La noche del 21 de septiembre, un hombre es perseguido por la Policía, enfrentándose a ellos con un fusil AK-47. Ocurrió cerca del aeropuerto internacional de Miami. Un vecino grabó la escena desde su balcón.

El tirador fue abatido por los agentes, ninguno de los cuales resultó herido.

Casi a la misma hora, durante un velatorio en Siracusa, en el Estado de Nueva York, cinco personas resultan heridas de bala, incluida una niña de ocho años.

"Esta violencia sin sentido ha golpeado a toda la comunidad", asegura el alcalde.

Algunos testigos hablan de dos o tres tiradores apostados al otro lado de la calle. Las víctimas, todas de la misma familia, se encuentran estables.

Pero, el suceso más grave había ocurrido a primera hora de la mañana de ayer, en Maryland. Una trabajadora temporal de 26 años entró a la fábrica donde trabajaba armada con una pistola y la emprendió a tiros indiscriminadamente.

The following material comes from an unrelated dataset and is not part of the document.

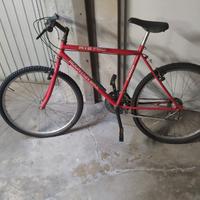 bicicletta ragazzo/adulto 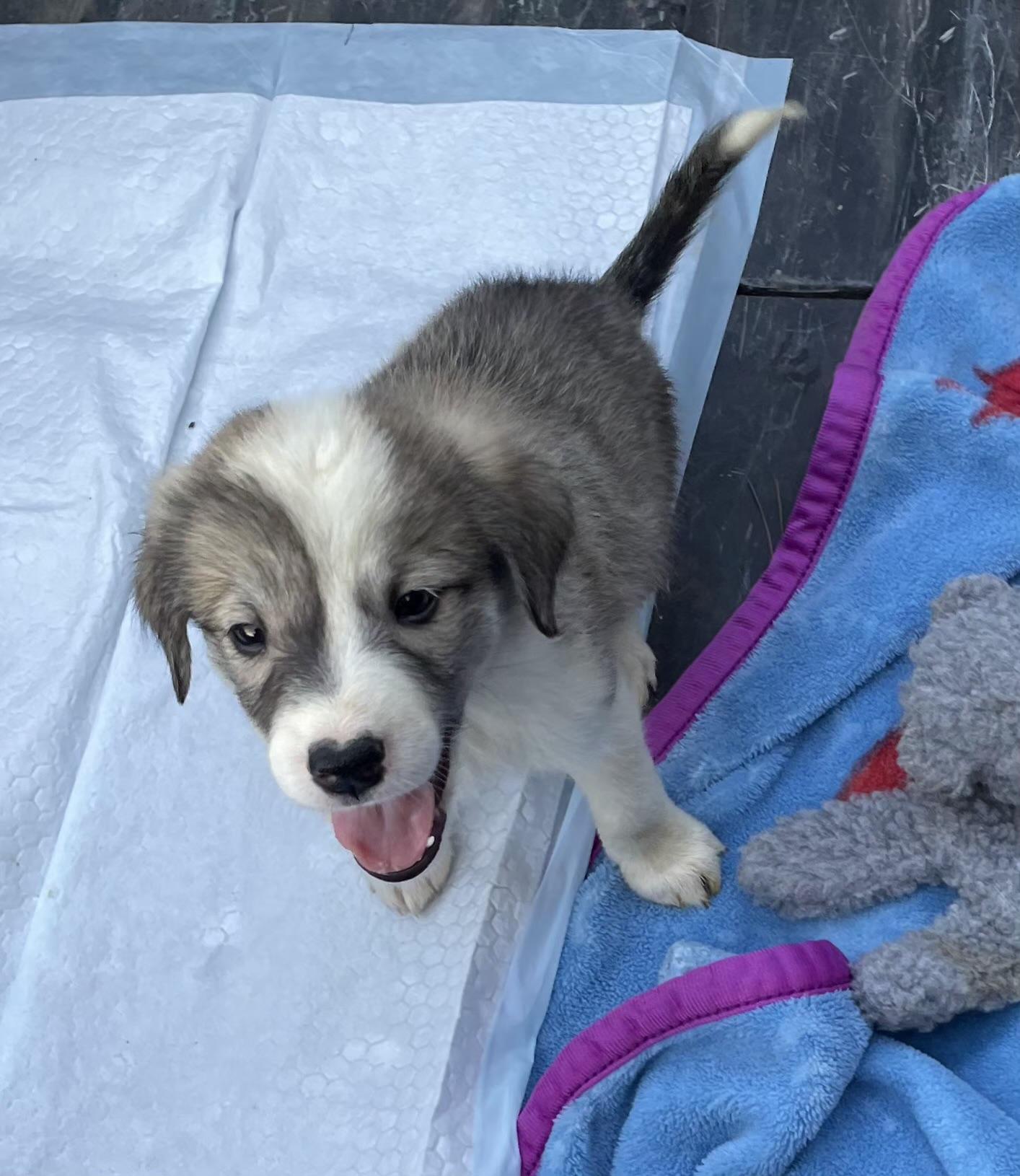 Enlarge LITTLE GIRL, a Adopted mixed breed in Chicopee, MA image 2/3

La autora de la matanza asesinó a tres personas y dejó heridas a otras tres antes de suicidarse con su propia arma.

"Todavía no sabemos el motivo", explica el sheriff.

Esta fiebre de tiroteos vuelve a poner sobre la mesa el debate de las armas de fuego en Estados Unidos. En 2017 fallecieron 33.000 personas en un país donde 9 de cada 10 habitantes posee un arma.